I told him that his backyard is so big, losing this space didn’t have any impact on how he or future buyers would use it.  There was still plenty of room for a pool, swing set, firepit or any outdoor thing people want in their backyard.  I told him that about the only person who might not buy his house now would be somebody who wanted to build a huge garage in that space.

I think part of what is hard for owners to realize is that the person buying your house when you sell won’t have the “Before” picture in their head of how it used to be.  Only the current owner will know what the good old days were like.

I had a friend say that Ball Homes building on the opposite side of the fairway from Greenbrier would hurt the property values.  I told her that while the view of a wooded hillside was preferable to seeing a new neighborhood, it was still nice to have a beautiful fairway to separate them, so it would not have any impact on value.  Only the current owners who remember the wooded hillside will ever know the difference.  The next buyers will say “Wow, look how pretty the golf course is” and how nice it is to have so much space behind your house in Lexington.

Then there are threats of new development.  Andover Hills and Andover Forest residents are afraid that if the foreclosed golf course fell into the hands of developers that their property values would plummet.  The residents of Squire Oak are concerned what several houses, townhouses and 3 story apartment buildings on the property along Armstrong Mill owned by Overbrook Farms would do to them.

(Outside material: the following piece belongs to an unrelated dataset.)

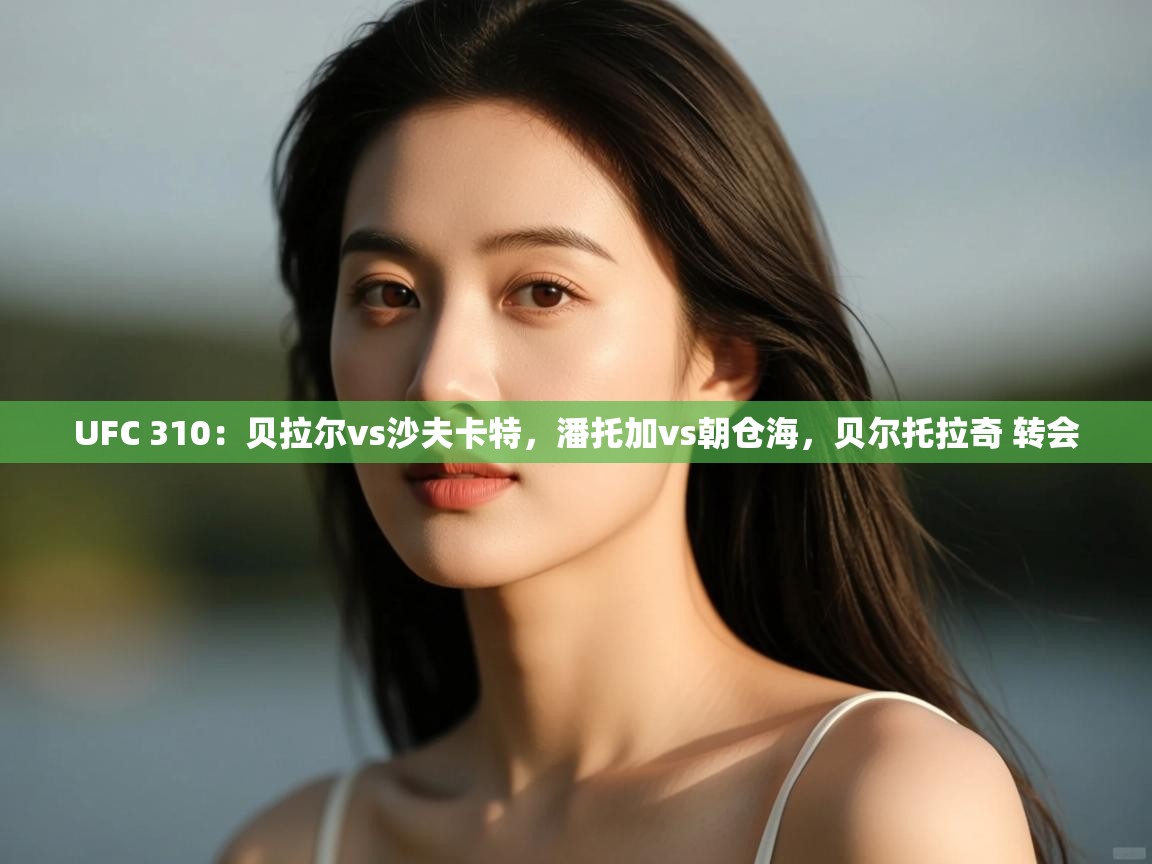 UFC 310：贝拉尔vs沙夫卡特，潘托加vs朝仓海，贝尔托拉奇 转会  第2张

There is no need to consider selling if you live in those neighborhoods.  Sure, it would be nicer to have less traffic, fewer homes, not lose the green space if you are lucky enough to back up to it…..but it will not have much impact, if any,  on property values.  Plus, Lexington is only going to become more dense.  We should all get used to it.  I often see houses with terrible lots sell for practically the same amount as houses with average lots.  There are several houses that back to New Circle Road, the interstate, a shopping center, a light industrial area.  They usually sell for within 1-2% of what the houses with average lots do.

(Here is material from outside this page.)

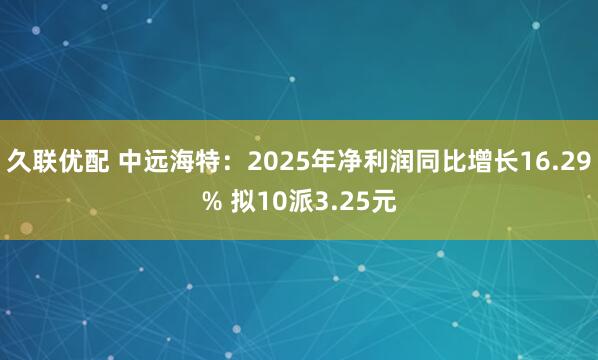 久联优配 中远海特:2025年净利润同比增长16.29% 拟10派3.25元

This might be the time to discuss the difference between property values and desirability.  A house that used to back to a farm and now backs to a 3 story apartment complex had a prime lot and now has a below average lot.  The value might not change much at all, especially in a sellers market.  What it does do is make the house less desirable.  That just means it might take more showings before catching a buyer in a slower market.  Corner lots or houses on the main drag through their neighborhood experience this already but nobody notices.

Want to know something funny?  YOU have the most control over your own property value.  A clean, updated house that is move in ready will always sell for top dollar regardless of the market and what is around it.

The first house you buy is the most important one ever

First time buyers.  I’ve been working with a few of them lately.

Most first time buyers are thinking about finding a place they like.

I like to show them that their first house is so much more than that.

Every house you are ever going to own is impacted by that first one.

It is really the most important house you are ever going to purchase.

Why?

Because eventually you will sell that first house.  How well of an investment it turned out to be will impact how much money you have to put down on your next house.  It just keeps going until you are middle aged and in your forever home.  You know, the one you sell to help fund your retirement when you downsize to a cheaper home.

My dad called this compounding.  He was mainly referring to interest when he was teaching me this stuff in middle school, but it applies to real estate too.

It really reminds me more of bowling though.  To get a strike, you don’t knock down every pin with the ball.  You just hit one of them right and the pins begin to knock down the remaining pins.